Foi ainda semana passada que uma amiga chegou-me atônita para pedir um conselho, porque estavam comentando que se o Partido dos Trabalhadores vencesse as eleições, as crianças seriam sexualmente abusadas nas escolas pelos professores – já que, supostamente, elas seriam tocadas com lascívia em sala de aula. Esse fato e o alarde em torno do suposto Kit Gay para conversão sexual das crianças (material esse que nunca existiu de fato) ilustram bem a forma de atuação do fascismo. A exploração do medo da perversão sexual e do destino da infância são eficazes meios de controle.

E assim o terror alcança seu objetivo: aterroriza e destrói as (inter)subjetividades. Ora! Se o perigo está tão próximo, que alguém nos proteja, então! O sujeito que teme assujeita-se e invoca a segurança do fascismo, porque o que se aproxima parece ser muito pior. O terror mantém os indivíduos unidos pelo medo, não pela vontade política.

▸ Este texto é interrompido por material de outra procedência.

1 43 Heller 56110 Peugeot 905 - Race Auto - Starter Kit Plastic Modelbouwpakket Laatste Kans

E é por isso que o fascismo costuma ser eleito, e não imposto.

O terror fascista no Brasil é “um museu de grandes novidades” e recobra velhas formas: o comunismo, a insegurança de sair às ruas, a infecção homossexual… É assim que estes elementos tornam-se dispositivos de controle no interior de uma maneira muito própria de sermos autoritários.

 Tudo isso com o devido apoio das instituições jurídicas as quais ainda permitem que um candidato que defenda em público o fuzilamento da “petralhada”[3] continue livremente na corrida presidencial. O Tribunal Superior Eleitoral e o Supremo Tribunal Federal foram tomados pelo mesmo temor que assola a população e silenciam obedecendo ao fascismo. Porém, é preciso lembrar a lição de Hannah Arendt [4] de que “em política, obediência e apoio são a mesma coisa”.

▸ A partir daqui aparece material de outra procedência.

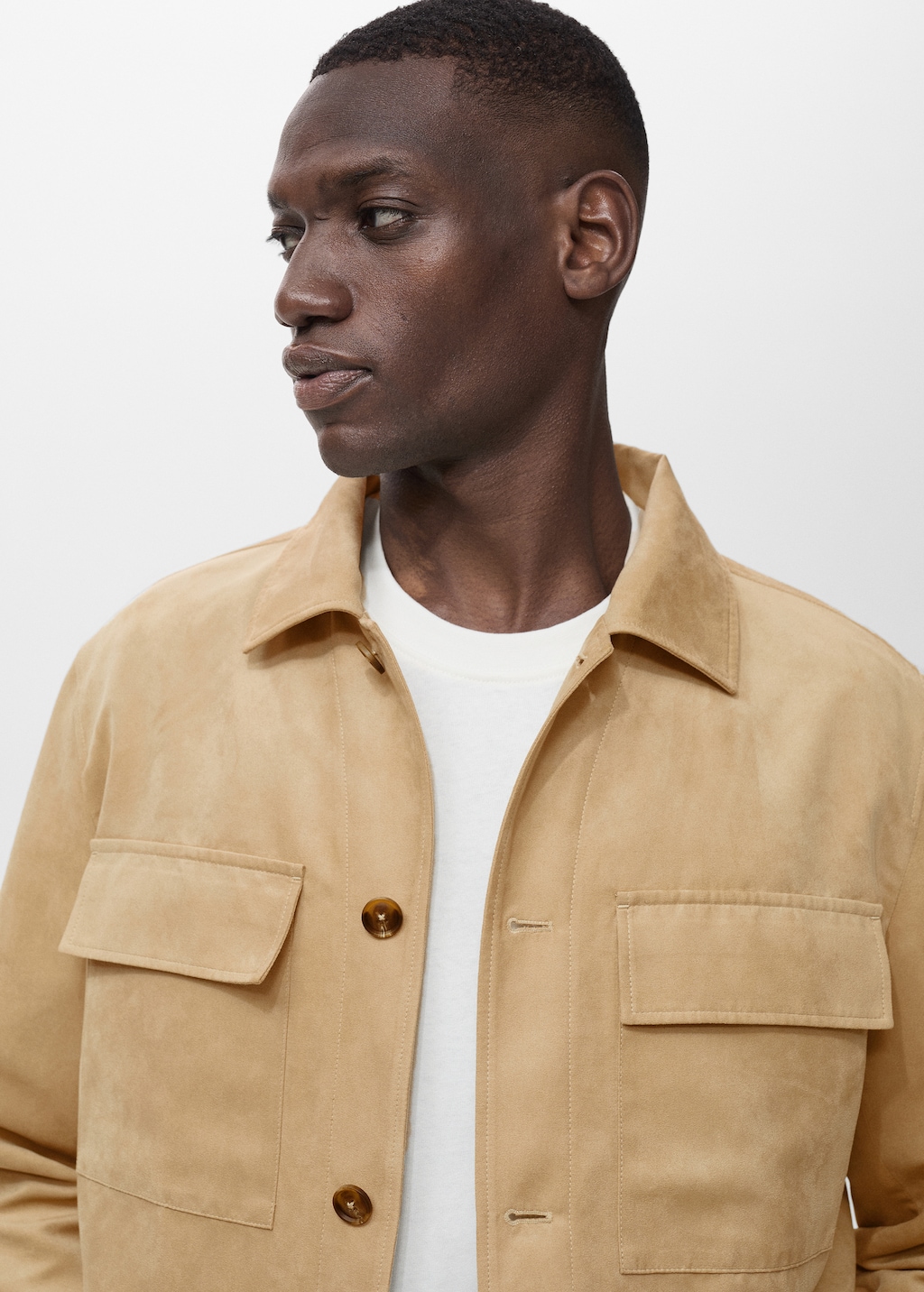 Faux suede leather overshirt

A pergunta a qual resta é: o que nos pode livrar do fascismo? Eu respondo: a união e a resistência. Resistir ainda é possível. Recobrando novamente Hannah Arendt [5] (autora judia perseguida pelo nazismo) “já se observou muitas vezes que o terror só pode reinar absolutamente sobre homens que se isolam uns contra os outros e que, portanto, uma das preocupações fundamentais de todo governo tirânico é provocar esse isolamento. O isolamento pode ser o começo do terror; certamente é o seu solo mais fértil e sempre decorre dele. Esse isolamento é, por assim dizer, pré-totalitário; sua característica é a impotência, na medida em que a força sempre surge quando os homens trabalham em conjunto (…); os homens isolados são impotentes por definição”.

E é por o isolamento ser o “solo mais fértil” do fascismo que é preciso estabelecer alianças neste momento. As redes virtuais tornaram-se o meio por excelência de organização do fascismo. Que as conquistemos! Também as ruas precisam ser conquistadas. Não se pode deixar que o medo da violência impeça que expressemos nossa vontade política, nem que formemos redes de ação e apoio uns aos outros. Seremos os democratas que salvaremos este país!

Foram me chamar
Eu estou aqui, o que é que há?

 Emerson Erivan de Araújo Ramos – Professor universitário, mestre em Ciências Jurídicas pelo Programa de Pós-graduação em Ciências Jurídicas da Universidade Federal da Paraíba e doutorando em Sociologia pela mesma instituição.

[1] A situação política do Brasil chegou ao absurdo de ter-se que reforçar que o nacional-socialismo, em verdade, é uma ideologia de extrema-direita, e não uma forma de socialismo. É bem verdade que autores como Hannah Arendt (Origens do totalitarismo, 1989 [1951]) e Wilhelm Reich (A psicologia de massas do fascismo, 1972 [1946]) apontam semelhanças entre as formas que o nazismo e o stalinismo constituíram-se, porém se tratam de semelhanças do ponto de vista da forma de gestão da vida e da constituição do eu nos governos, jamais do ponto de vista da organização dos meios de produção.
[2] Além dos livros acima citados, merecem destaque as obras Modernidade e Holocausto (Zygmunt Bauman, 1997) e Os alemães (Norbert Elias, 1997).
[3] O que pode ser visualizado no seguinte vídeo: https://www.youtube.com/watch?v=AB05-8kUuj8.
[4] Eichmann em Jerusalém: Um relato sobre a banalidade do mal. São Paulo: Companhia das Letras, 1999, p 302.
[5] Origens do totalitarismo. São Paulo: Companhia das Letras, 1989 [1951], p. 526.